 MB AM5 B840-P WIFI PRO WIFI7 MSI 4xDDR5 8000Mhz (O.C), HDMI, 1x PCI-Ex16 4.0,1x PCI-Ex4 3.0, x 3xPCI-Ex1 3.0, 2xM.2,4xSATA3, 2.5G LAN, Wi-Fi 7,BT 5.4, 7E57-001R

------------------------------------------------------------------------

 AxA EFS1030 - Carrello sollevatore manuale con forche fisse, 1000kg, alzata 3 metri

------------------------------------------------------------------------

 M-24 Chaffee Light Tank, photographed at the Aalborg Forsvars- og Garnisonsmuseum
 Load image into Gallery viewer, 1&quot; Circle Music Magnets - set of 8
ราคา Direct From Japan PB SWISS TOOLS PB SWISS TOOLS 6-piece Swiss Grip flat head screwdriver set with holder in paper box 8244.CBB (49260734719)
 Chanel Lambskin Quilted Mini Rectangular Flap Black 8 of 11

------------------------------------------------------------------------

> ASSIGNMENT
Among the entries above, the lines between the ones containing "ราคา Direct From" and "Chanel Lambskin Quilted", inclusive, are to be transcribed exactly. No other line is to be given.

> ANSWER SECTION
ราคา Direct From Japan PB SWISS TOOLS PB SWISS TOOLS 6-piece Swiss Grip flat head screwdriver set with holder in paper box 8244.CBB (49260734719)
 Chanel Lambskin Quilted Mini Rectangular Flap Black 8 of 11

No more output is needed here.